THE BLOG
04/04/2018 10:16 BST | Updated 04/04/2018 10:16 BST

The Young Woman Taking On Women's Rights In Cambodia

In my many travels around the world I have come across many brave people - Sovanratana Boung would have to be one of the most courageous

In my many travels around the world I have come across many courageous people.

But Sovanratana Boung, a young 16-year-old girl from Phnom Penh in Cambodia would have to be one of the most courageous.

At a gathering of more than 200 people, who were mostly foreigners, in the centre of Phnom Penh, Cambodia the young school girl gave an inspiring and passionate speech about the many problems facing women and girls in her country.

And it was impressive.

At just 16-years-old she was able to identify the many forms of discrimination facing women and girls in Cambodia that included harassment, restrictions on women’s movement, unfair expectations around virginity as well as just blatant discrimination. However, what was the most impressive about Sovanatana was her will and passion to speak out about these problems, and her courage to do so in front of so many people.

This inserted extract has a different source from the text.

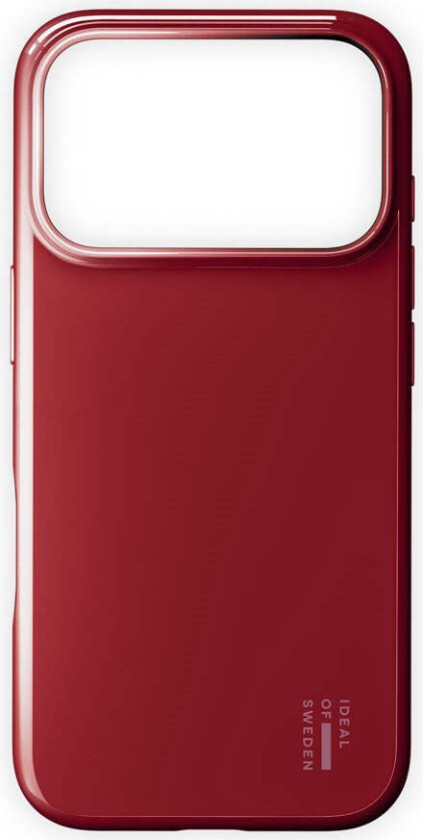 iPhone 18 Pro / 17 Pro iDeal of Sweden Slim Deksel - MagSafe Kompatibel - Power Red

I was impressed. And I wanted to meet her.

At the end of the event I asked her if we could meet. She agreed and we met at a café in Phnom Penh along with her 23-year-old sister Bunmean where we spent the afternoon talking about the situation of women’s rights in Cambodia and why she was speaking up about it.

It all started when she wanted to volunteer at a library.

Her family told her that they didn’t want her to do it because they were worried. The library was on the second floor of a building, where it was quiet and the person in charge of the library, was a man. They were worried that she might be sexually assaulted.

She realised that she was being restricted in the choices that she could make and the things that she could do, just because of her gender.

‘I really wanted to volunteer,’ she said. ‘I don’t want to be limited in what I can do because I am at risk of sexual assault. I don’t want to be limited just because I’m a woman,’ she said.

She began to read articles and books on feminism and watching videos on You Tube and she started to notice just how much violence and discrimination there is against women in Cambodia. Worst of all, she started to notice how women and girl’s who spoke out against it, were being ridiculed and attacked.

‘We are really discouraged from speaking out. People really, really value women’s virginity, and they say that you have to be gentle, modest and shy. You can’t have tattoos and slut shaming is really common. If a woman moves in with her boyfriend before she’s married then they’ll say that she is a slut. Rape victims still get blamed and there’s not enough people speaking out because they are ridiculed when they do.’

I wanted to know what had led her to speak up when there was the very real possibility that she too, could be attacked and criticised.

‘The internet helps me a lot,’ she said. ‘When I go on the internet and see so many people speaking about their experiences of sexual harassment, this gave me the courage to speak up.’

However, in her efforts to speak up she has faced criticism. When preparing for her presentation, she was criticised and told that she shouldn’t be speaking about women’s rights.

She has also been dismissed by her friends.

‘They don’t take it seriously,’ she explained. ’Which is most likely either because these things have not happened to them or because they had lived with it for so long that they think that it is normal.

‘In Cambodia then when you trying to speak up about women’s rights or women having sexual freedom they say you are just trying to be like the foreigners or change the culture,’ she said. ‘People have told me that I have to live with it.’

But part of what is so impressive about Sovanratana, is that she doesn’t want to live with it. And she’s taking action so that she doesn’t have to, despite the criticism.

At just 16-years-old she is already ready to stand up and make a change for women and girls in Cambodia.

I asked her what she want’s to see for the future of women in Cambodia.

‘I would really like to see more people speaking out on women’s rights in Cambodia and I would also like to see there being a word for feminism in Khmer,’ she said.

‘We need to focus on education and explain that feminism is about equality. We also need to tell people that making comments that are sexist is wrong. If nobody points these things out then you won’t notice. Everyone needs to support and encourage women. It is really important to empower young girls and to tell them that they don’t have to listen to what society is telling them.’

I asked her what she would say to other young women around the world who are facing similar forms of discrimination.

‘Speak out, you are not alone, there are so many people out there who want to support you. When you are facing discrimination you can either talk about it or just live with it, but we should always choose to talk about it. At least then we have a chance to change things.’

Finally she wanted to add.

‘It is other people who tell you your limits, you are more than just your body. Don’t let anyone dull your sparkle, your voice matters more than you think and you are stronger than you think.’